Poetry Of Wilfred Owen

Biography of WILFRED OWEN - 1893-1918 #

Wilfred was the eldest of four children in lower middle class Anglican family. His  father was a poorly paid railway executive. He was close to his mother (Susan) who discouraged his interest in girls and encouraged him to be a scholar (clergyman or teacher).

Owen became a clergyman’s assistant (Sunday School teacher) and elementary school teacher

He became a tutor in France (Bordeux). He was here when war broke out so he was not part of original fervour in England.

He was not inclined to join up until a year later and enlisted October 1915 – then spent 14 months training in England.

Owen was commissioned into Manchester Regiment (1916) as second lieutenant.

He was in France in worst winter of war. His total battle experience on which poems are based was four months with five weeks in the line.

He was Injured and suffered shell shock with violent nightmares about war.

* Became involved with other ‘war’ poets Siegfried Sassoon and Robert Graves.

* Went back to France to the front with a strong feeling he would never return.
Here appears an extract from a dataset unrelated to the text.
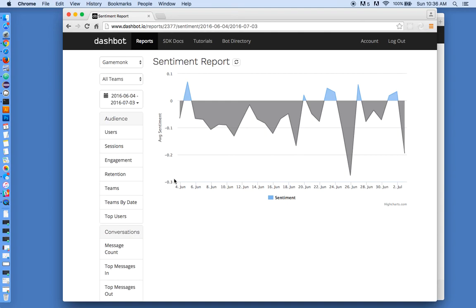So we have more reports. You can go online at dashbot.io, sign up for free, and check out more of our reports. Thanks.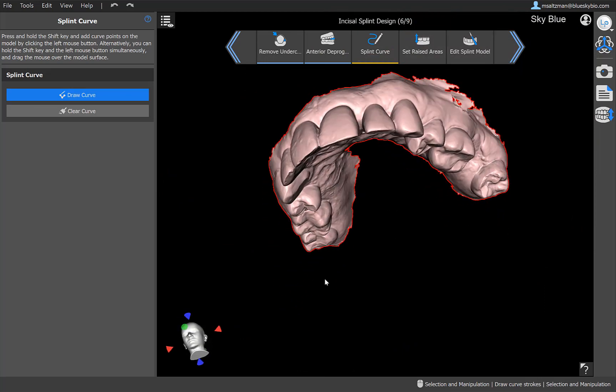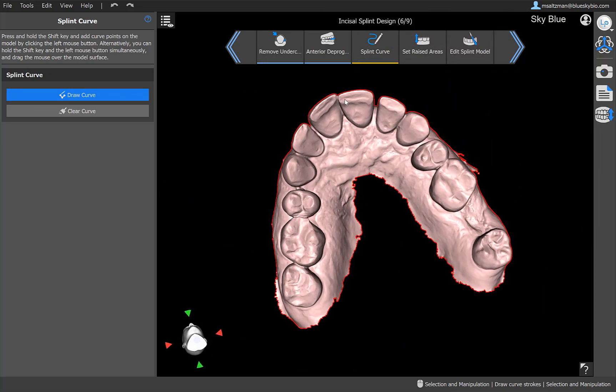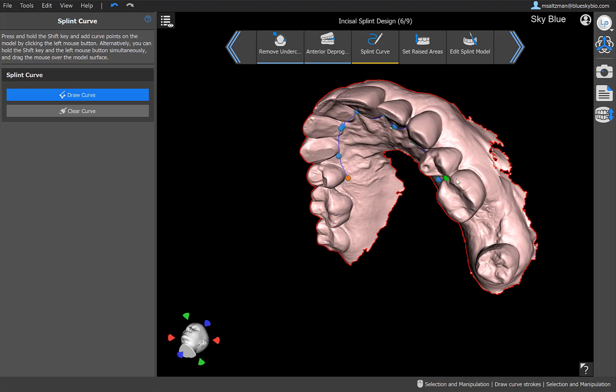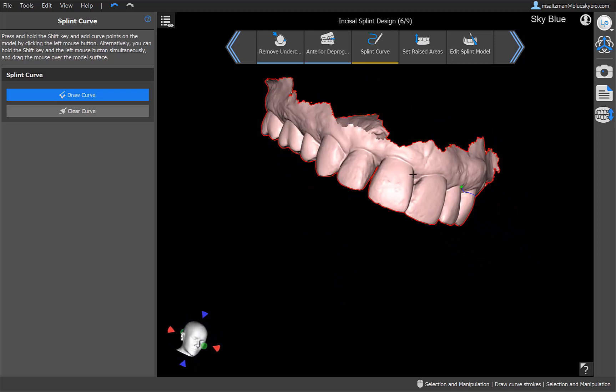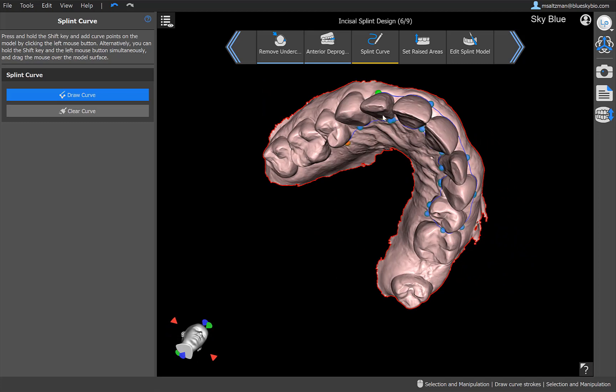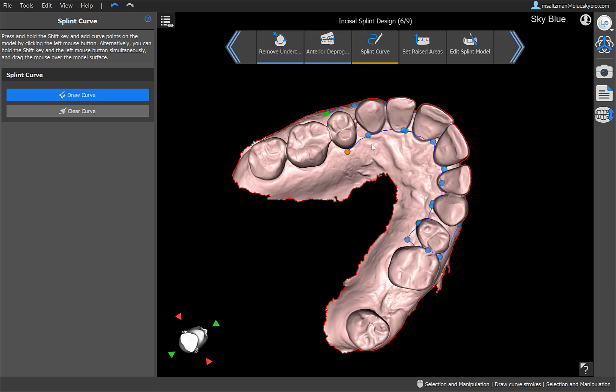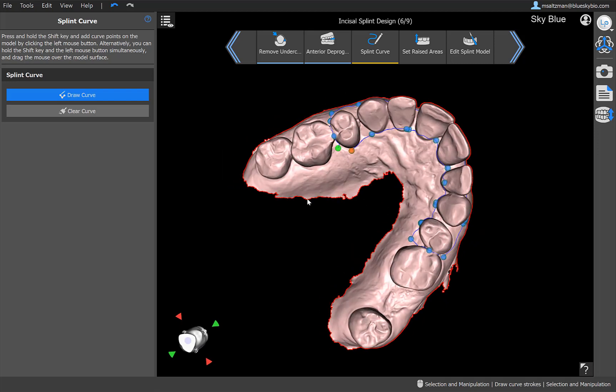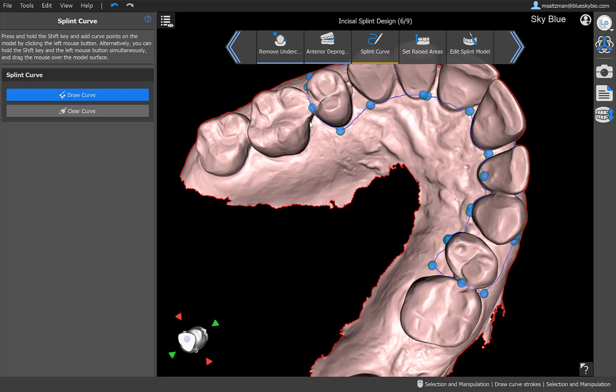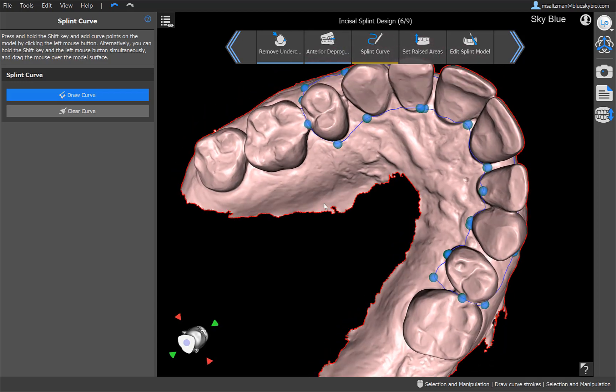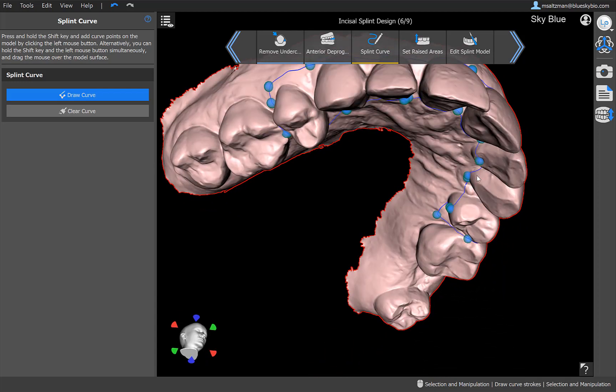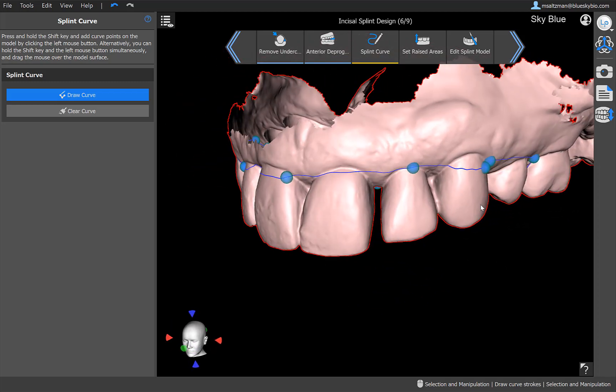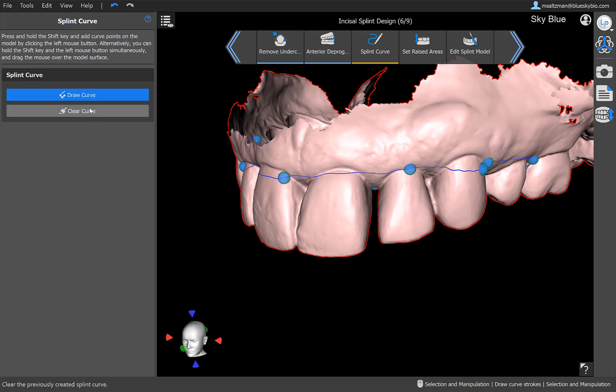So here we are actually drawing our splint curve. If we don't want to create an additional splint and we just want to work with the anterior deprogrammer, then that's fine. We could just click on next and move on to the next step. If we want to design that splint in addition to the anterior deprogrammer, then we could go ahead and draw the relevant curve. I'm holding down the shift key and left clicking to mark the points. And if I want to rotate, I let go of the shift key and just use my left mouse button. So of course, we go ahead and we close the curve. The green and orange dots that we saw when the curve was opened are now combined into a single blue dot. If we want to make any adjustments, then we could go ahead and edit the curve just by grabbing and dragging any of these dots. If we want to clear the curve, we have the clear curve button. Otherwise, we go ahead and click on next.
* Killed seven days before the Armistice.

LITERATURE OF W.W.I

A phenomenon in itself. Earlier “war literature” had generally been heroic, (possibly because literate people of earlier ages saw little of sustained, aggressive action).

W.W.I. - unique literary response especially from participants i.e. soldiers on the field. Poems are only small sample of huge volume of literary material.

Writings from the early stages of war mirrored belief that Allied victory would be achieved quickly and easily. By the time Owen joined it was clear that the nature and duration of the war had changed dramatically. Literature then became stark and realistic with little heroism or national pride.

Auden as a young man, saw that the first world war had just blown everything apart. It was no longer possible to write about daffodils or the skylark; the only legitimate subject was the war, the mindless carnage and waste.

He was too young to capture the reality of that, but he managed to depict the despair and haunting images torturing humanity as a result of the barbarity.